Data items
--- START ---

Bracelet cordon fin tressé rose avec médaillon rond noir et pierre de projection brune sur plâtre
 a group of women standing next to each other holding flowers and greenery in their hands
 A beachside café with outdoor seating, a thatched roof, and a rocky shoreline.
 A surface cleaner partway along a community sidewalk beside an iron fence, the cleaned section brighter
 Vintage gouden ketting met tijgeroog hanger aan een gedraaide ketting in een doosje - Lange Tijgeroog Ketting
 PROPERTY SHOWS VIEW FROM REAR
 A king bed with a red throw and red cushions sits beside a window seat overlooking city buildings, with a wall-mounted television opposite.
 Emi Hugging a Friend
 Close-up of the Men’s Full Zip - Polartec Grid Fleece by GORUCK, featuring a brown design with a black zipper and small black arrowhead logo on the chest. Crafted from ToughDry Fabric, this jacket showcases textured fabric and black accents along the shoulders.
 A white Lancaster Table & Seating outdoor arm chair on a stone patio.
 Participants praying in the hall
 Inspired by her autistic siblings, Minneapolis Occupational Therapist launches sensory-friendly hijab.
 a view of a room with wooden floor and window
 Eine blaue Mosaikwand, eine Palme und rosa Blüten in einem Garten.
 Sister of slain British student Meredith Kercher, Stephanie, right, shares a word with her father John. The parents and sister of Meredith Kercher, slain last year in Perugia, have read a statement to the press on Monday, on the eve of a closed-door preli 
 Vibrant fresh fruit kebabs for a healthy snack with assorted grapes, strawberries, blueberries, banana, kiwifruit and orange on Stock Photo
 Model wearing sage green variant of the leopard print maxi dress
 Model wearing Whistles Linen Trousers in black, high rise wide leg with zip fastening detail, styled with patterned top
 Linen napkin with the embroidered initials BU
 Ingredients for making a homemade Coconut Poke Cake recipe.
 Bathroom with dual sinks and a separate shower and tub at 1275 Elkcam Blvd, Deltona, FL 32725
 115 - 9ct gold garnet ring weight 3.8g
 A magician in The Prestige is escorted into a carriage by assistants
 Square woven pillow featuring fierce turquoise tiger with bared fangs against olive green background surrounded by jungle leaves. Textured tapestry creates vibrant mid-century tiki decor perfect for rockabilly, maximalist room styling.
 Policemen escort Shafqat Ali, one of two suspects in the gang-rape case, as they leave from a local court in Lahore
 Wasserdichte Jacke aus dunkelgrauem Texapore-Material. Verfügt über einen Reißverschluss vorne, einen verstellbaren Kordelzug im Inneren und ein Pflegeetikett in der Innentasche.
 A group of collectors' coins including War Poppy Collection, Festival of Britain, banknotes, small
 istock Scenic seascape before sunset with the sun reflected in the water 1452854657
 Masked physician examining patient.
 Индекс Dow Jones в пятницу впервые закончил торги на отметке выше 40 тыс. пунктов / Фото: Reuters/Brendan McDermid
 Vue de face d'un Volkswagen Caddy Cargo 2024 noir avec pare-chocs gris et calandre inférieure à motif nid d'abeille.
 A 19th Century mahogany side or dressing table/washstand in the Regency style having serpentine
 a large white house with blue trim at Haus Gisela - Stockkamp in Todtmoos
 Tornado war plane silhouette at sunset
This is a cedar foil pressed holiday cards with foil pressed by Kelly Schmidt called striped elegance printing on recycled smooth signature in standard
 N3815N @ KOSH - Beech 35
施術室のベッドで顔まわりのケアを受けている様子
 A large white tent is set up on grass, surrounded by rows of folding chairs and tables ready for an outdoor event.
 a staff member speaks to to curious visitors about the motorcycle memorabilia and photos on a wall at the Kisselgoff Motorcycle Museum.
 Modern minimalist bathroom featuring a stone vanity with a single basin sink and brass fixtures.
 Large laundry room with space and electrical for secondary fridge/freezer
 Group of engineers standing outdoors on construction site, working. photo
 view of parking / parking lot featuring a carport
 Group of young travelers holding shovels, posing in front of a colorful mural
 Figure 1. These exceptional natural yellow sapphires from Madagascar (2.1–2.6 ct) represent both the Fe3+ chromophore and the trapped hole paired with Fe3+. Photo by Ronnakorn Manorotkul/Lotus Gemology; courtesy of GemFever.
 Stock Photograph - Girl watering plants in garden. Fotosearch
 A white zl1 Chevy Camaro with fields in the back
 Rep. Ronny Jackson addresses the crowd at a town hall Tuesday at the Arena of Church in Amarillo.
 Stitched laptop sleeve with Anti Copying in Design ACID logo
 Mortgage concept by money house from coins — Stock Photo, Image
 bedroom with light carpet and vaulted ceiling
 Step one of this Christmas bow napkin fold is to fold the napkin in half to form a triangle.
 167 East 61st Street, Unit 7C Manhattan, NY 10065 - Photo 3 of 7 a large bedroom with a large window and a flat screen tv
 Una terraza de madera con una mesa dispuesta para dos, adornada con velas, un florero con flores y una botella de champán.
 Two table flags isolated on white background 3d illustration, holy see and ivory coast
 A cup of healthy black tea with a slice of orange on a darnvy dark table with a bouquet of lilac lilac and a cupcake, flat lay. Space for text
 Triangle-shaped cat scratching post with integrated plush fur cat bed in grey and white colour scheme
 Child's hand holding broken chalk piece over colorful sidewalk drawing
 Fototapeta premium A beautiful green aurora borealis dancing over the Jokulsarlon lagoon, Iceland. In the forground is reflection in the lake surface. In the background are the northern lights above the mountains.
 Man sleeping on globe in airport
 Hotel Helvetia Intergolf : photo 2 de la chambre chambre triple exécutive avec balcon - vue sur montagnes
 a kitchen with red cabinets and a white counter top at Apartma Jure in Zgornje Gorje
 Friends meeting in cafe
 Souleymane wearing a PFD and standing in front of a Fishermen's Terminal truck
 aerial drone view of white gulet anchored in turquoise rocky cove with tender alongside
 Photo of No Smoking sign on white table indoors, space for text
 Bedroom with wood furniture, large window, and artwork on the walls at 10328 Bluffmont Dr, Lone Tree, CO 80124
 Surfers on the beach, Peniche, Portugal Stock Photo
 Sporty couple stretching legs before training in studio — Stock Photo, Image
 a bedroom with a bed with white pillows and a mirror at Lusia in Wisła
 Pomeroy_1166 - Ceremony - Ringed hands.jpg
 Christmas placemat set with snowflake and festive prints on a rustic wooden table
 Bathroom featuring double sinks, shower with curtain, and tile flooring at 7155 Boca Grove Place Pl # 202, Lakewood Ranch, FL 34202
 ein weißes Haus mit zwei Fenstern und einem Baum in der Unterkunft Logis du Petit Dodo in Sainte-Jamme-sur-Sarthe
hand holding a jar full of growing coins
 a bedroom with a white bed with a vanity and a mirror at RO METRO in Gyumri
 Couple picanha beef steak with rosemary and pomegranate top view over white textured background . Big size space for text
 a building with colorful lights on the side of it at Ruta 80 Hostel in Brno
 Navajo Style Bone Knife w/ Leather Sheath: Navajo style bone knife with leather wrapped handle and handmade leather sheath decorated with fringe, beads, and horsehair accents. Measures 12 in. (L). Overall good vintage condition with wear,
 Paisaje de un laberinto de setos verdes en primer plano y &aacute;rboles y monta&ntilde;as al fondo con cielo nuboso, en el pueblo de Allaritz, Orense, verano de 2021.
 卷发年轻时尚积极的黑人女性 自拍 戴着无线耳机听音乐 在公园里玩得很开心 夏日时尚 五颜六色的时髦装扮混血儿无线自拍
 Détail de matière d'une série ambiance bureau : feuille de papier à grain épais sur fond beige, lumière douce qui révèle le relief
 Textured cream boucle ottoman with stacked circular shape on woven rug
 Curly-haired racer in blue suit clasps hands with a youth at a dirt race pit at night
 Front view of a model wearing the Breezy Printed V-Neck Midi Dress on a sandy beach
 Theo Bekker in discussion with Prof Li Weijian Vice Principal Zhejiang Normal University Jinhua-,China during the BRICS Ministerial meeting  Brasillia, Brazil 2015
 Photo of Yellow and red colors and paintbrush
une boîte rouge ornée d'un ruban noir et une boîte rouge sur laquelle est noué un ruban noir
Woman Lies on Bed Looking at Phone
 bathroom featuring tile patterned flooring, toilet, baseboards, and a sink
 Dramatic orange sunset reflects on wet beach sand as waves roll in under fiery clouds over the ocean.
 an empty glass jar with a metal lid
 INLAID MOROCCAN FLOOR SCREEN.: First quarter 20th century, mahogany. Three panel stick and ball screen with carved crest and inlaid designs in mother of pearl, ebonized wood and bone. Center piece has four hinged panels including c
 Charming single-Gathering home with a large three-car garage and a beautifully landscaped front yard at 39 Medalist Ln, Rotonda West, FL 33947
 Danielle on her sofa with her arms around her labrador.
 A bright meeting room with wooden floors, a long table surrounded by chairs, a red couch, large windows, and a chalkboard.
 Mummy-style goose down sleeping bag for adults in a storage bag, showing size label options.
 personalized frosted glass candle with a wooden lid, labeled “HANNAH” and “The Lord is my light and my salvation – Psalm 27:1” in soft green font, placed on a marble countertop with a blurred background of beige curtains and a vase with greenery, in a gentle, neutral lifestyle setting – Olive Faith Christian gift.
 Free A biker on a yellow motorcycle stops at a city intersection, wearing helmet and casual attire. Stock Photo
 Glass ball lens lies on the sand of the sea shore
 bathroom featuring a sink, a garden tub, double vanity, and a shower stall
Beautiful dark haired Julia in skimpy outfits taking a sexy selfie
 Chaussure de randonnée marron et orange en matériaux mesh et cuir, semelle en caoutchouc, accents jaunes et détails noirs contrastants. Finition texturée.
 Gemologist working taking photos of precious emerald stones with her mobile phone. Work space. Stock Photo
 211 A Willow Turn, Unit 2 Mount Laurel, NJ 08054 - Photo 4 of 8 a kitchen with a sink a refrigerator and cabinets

--- END ---

• _Exercise prompt_
Which lines of the data above contain the string "ball"? Copy each of them.

• _Written response_
 INLAID MOROCCAN FLOOR SCREEN.: First quarter 20th century, mahogany. Three panel stick and ball screen with carved crest and inlaid designs in mother of pearl, ebonized wood and bone. Center piece has four hinged panels including c
 Glass ball lens lies on the sand of the sea shore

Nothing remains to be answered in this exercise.